What to work on: Pictures are to be left out. Return exactly the lines below from the one with "For my jewelry, it's" up to and including the one with "The correct way".

Recorded data:
******
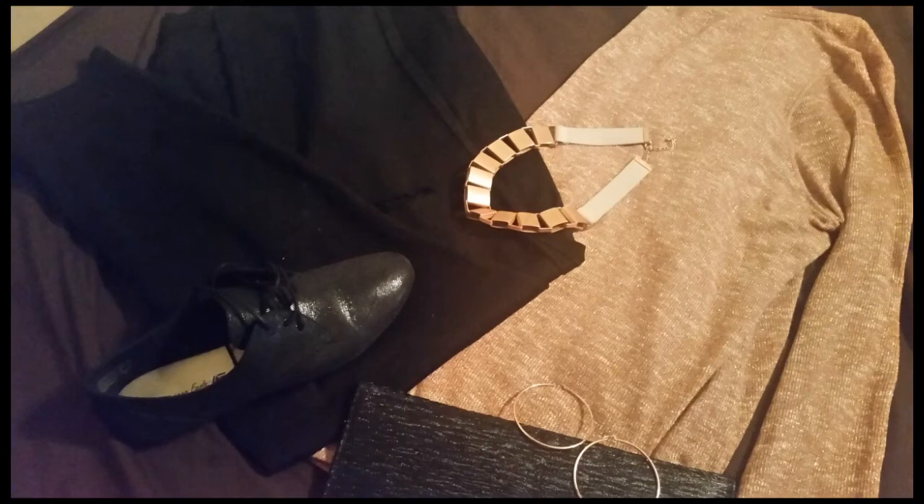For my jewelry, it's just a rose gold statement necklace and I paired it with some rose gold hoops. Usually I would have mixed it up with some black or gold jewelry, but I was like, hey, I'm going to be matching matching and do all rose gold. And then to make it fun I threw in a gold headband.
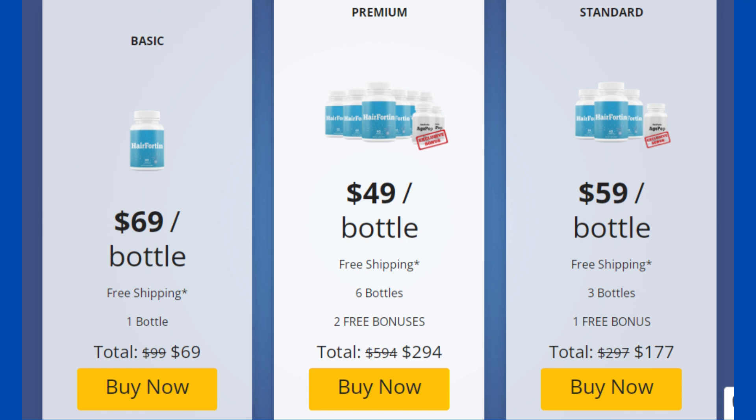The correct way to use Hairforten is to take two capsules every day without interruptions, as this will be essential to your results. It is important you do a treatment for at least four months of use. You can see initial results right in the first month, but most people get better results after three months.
******
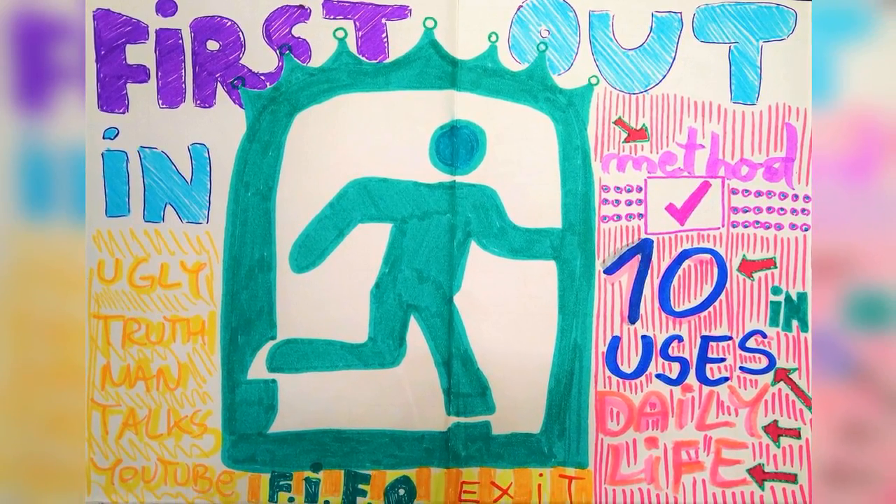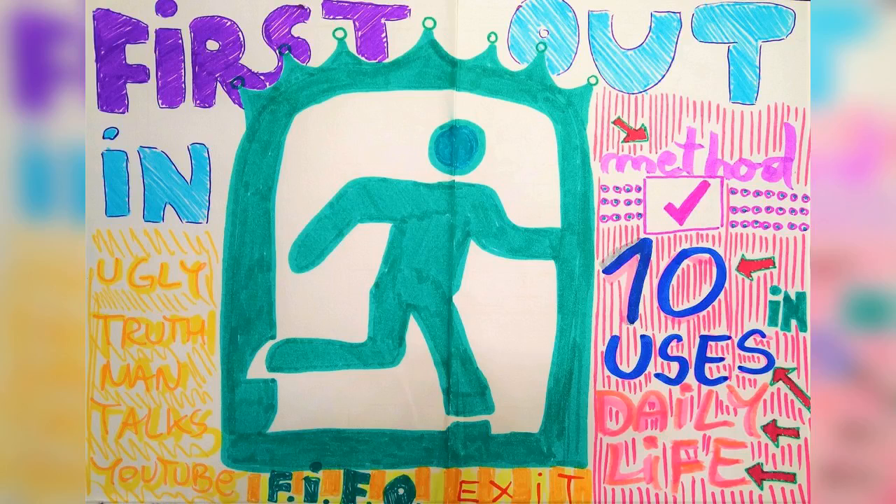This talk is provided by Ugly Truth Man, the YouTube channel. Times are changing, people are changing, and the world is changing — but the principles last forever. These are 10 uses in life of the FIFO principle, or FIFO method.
******
Task answer:
For my jewelry, it's just a rose gold statement necklace and I paired it with some rose gold hoops. Usually I would have mixed it up with some black or gold jewelry, but I was like, hey, I'm going to be matching matching and do all rose gold. And then to make it fun I threw in a gold headband.
The correct way to use Hairforten is to take two capsules every day without interruptions, as this will be essential to your results. It is important you do a treatment for at least four months of use. You can see initial results right in the first month, but most people get better results after three months.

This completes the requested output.